Быть может, люди войны в годы войны научили его защищаться от страха смерти, да и от самой смерти, иронией.
И он защищается.
Иногда — юмором. Солдатским, грубоватым.
Иногда — иронией. Тонкой и печальной.
Как строчки последних чеховских писем — ведь он их то и дело перечитывает.
Как чеховское последнее — «их штербе»...
Книги по медицине, а главным образом их авторы и люди, о которых в книгах этих писалось, — все они вкупе составляют как бы часть его существования, часть немаловажную.
Все равно, знакомы ли они ему лично или не знакомы, то ли это Мечников или скромнейший сестрорецкий врач Слупский, доктор ли Иноземцев, хирург Бурденко или неведомая никому врачиха, чьи непритязательные записи о полевом лазарете публиковались в провинциальном альманахе.

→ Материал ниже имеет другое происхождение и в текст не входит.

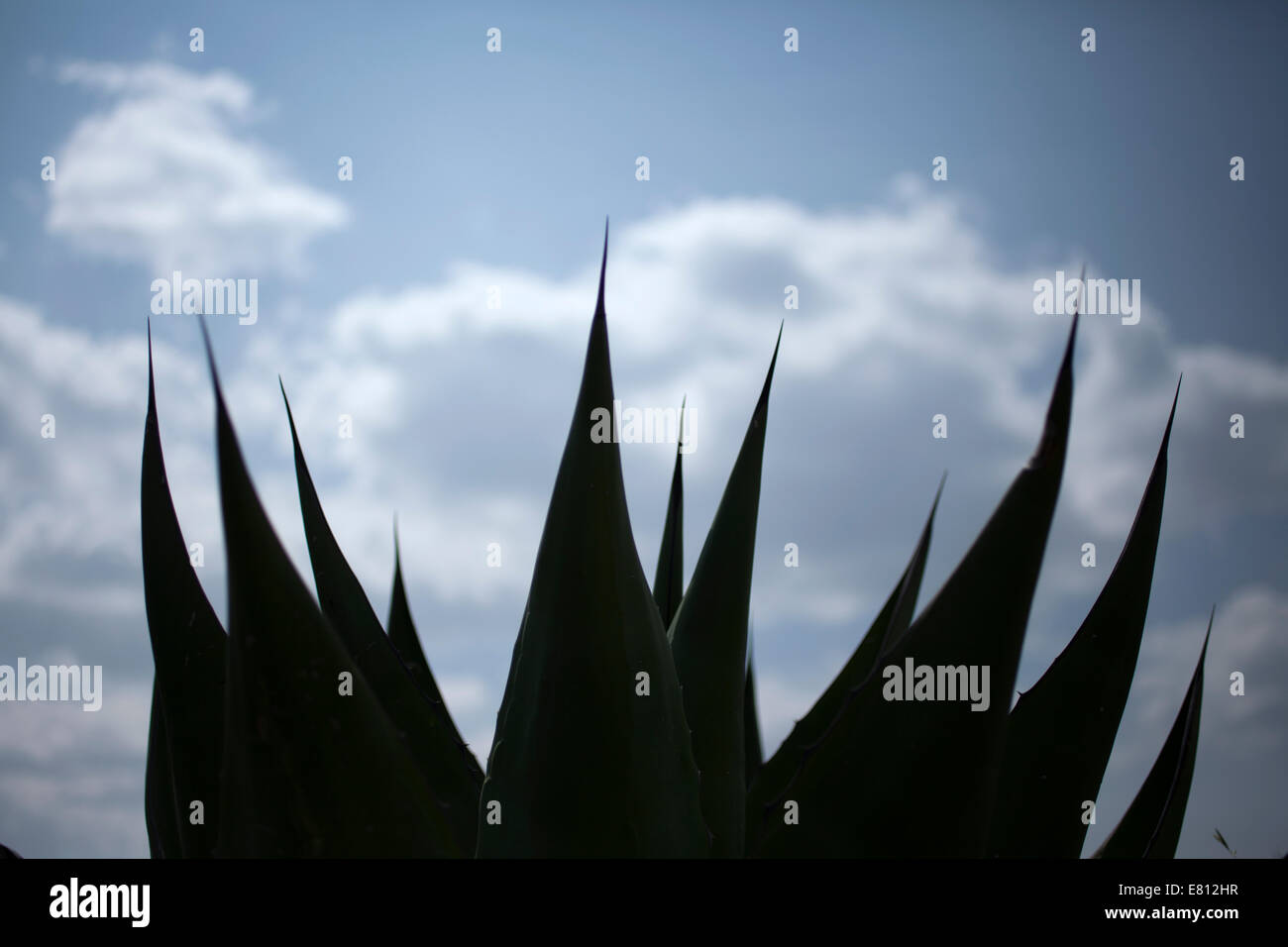 Agave cactus in Wirikuta, Real de Catorce, San Luis Potosi, Messico. Wirikuta è un luogo sacro per i Wirrarika indiani Huichol Foto Stock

И персонажей для своих книг выбирает преимущественно с медицинским уклоном — неравнодушен, как известно, к сыщикам, но те все-таки, пусть не обижаются за правду, идут вторым эшелоном.
А в первом — люди профессии, каковую он почитает за благороднейшую и чистейшую в человечестве.

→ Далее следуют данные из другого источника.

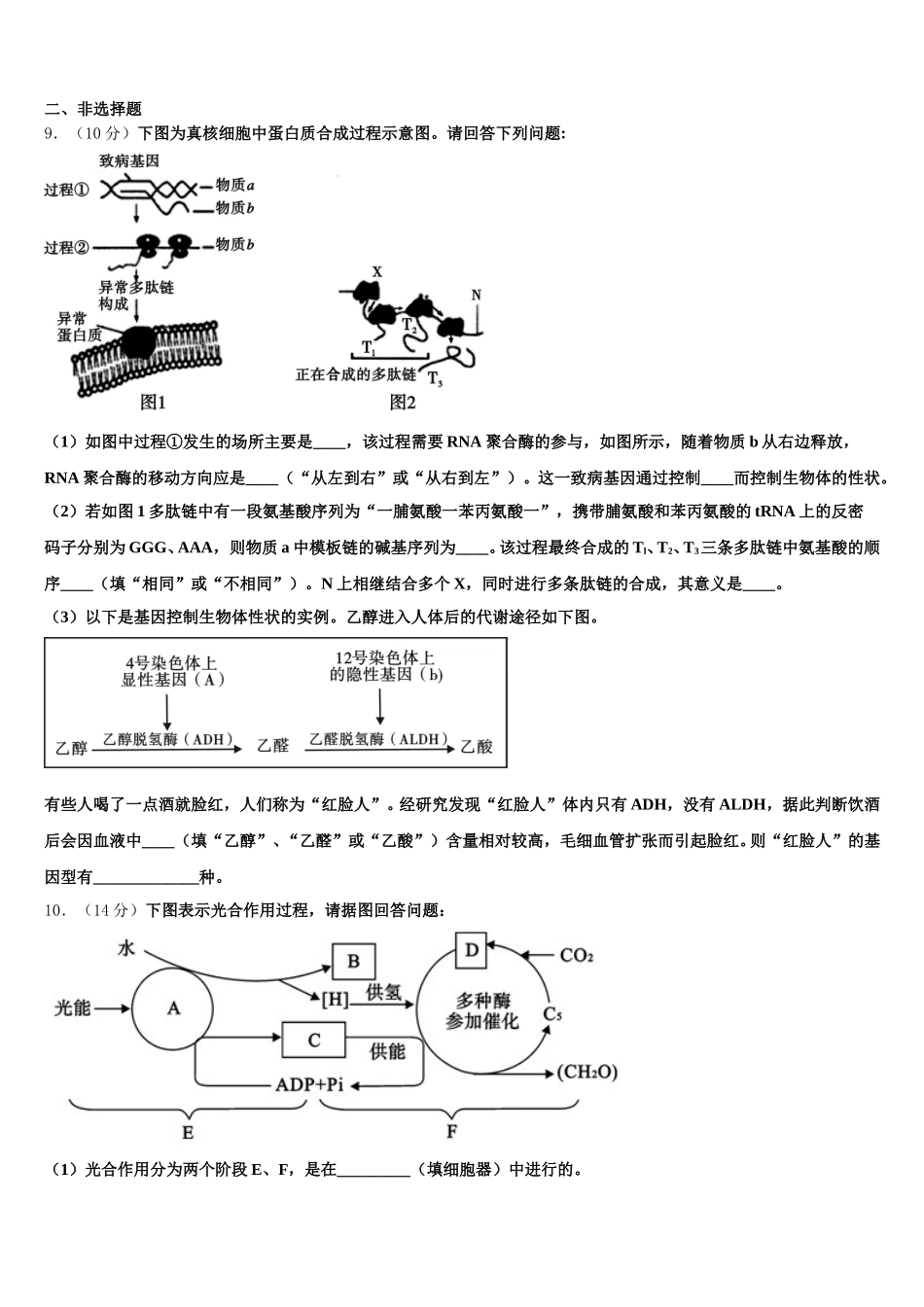 2025年四川省阿坝市高一生物第二学期期末质量跟踪监视模拟试题含解析_第3页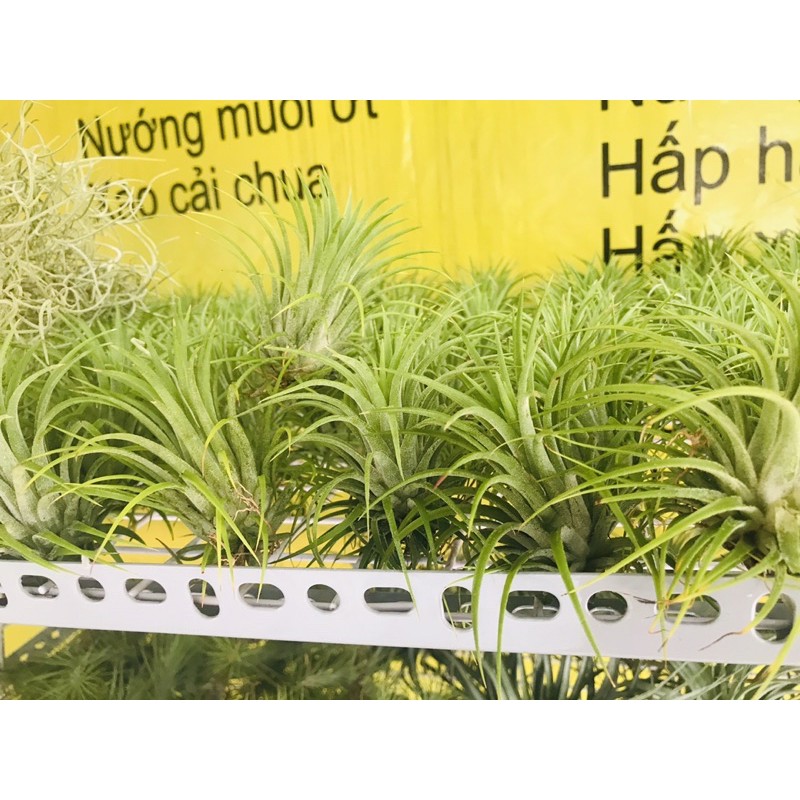 Cây không khí hồng anh khi ra hoa lá đỏ hoa tím cao từ 5-7cm có cây đang hoa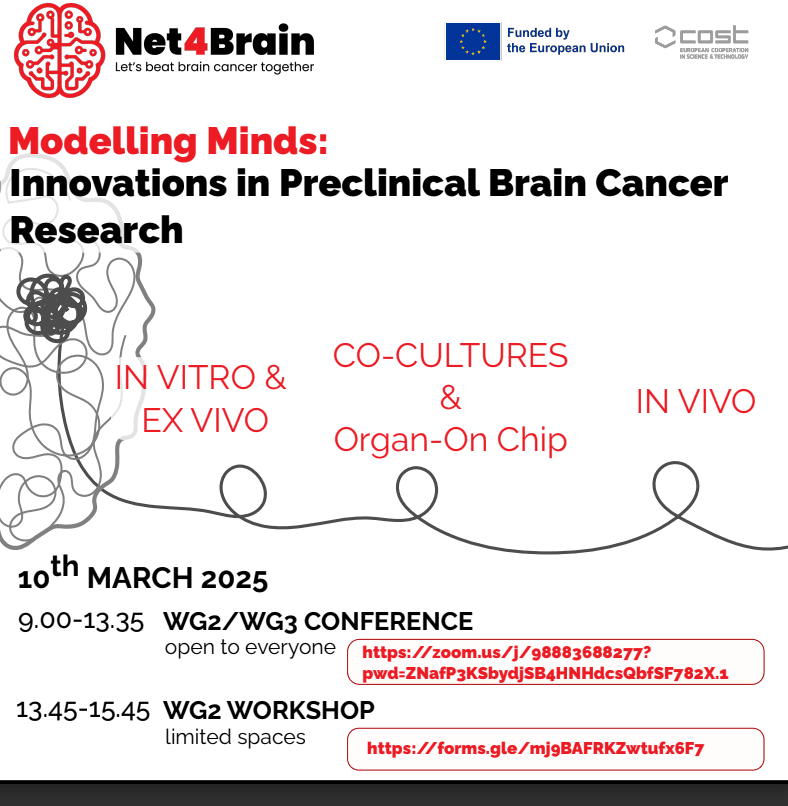 Innovations in Preclinical Brain Cancer Research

Такой, как, скажем, доктор Калюжный — нелюдим, врачевавший в сельской глуши, традиция тут шла не от светского преуспевающего доктора Иноземцева, чье имя прославлено одноименными каплями, а именно от солдатского лекаря Пирогова.
Название пьесы, где угрюмая фигура Калюжного возникла перед зрителями, вызывающе ассоциативна.
«Сын народа».
Непримиримый Калюжный был не прототипом автора, — слаб человек! — авторским идеалом.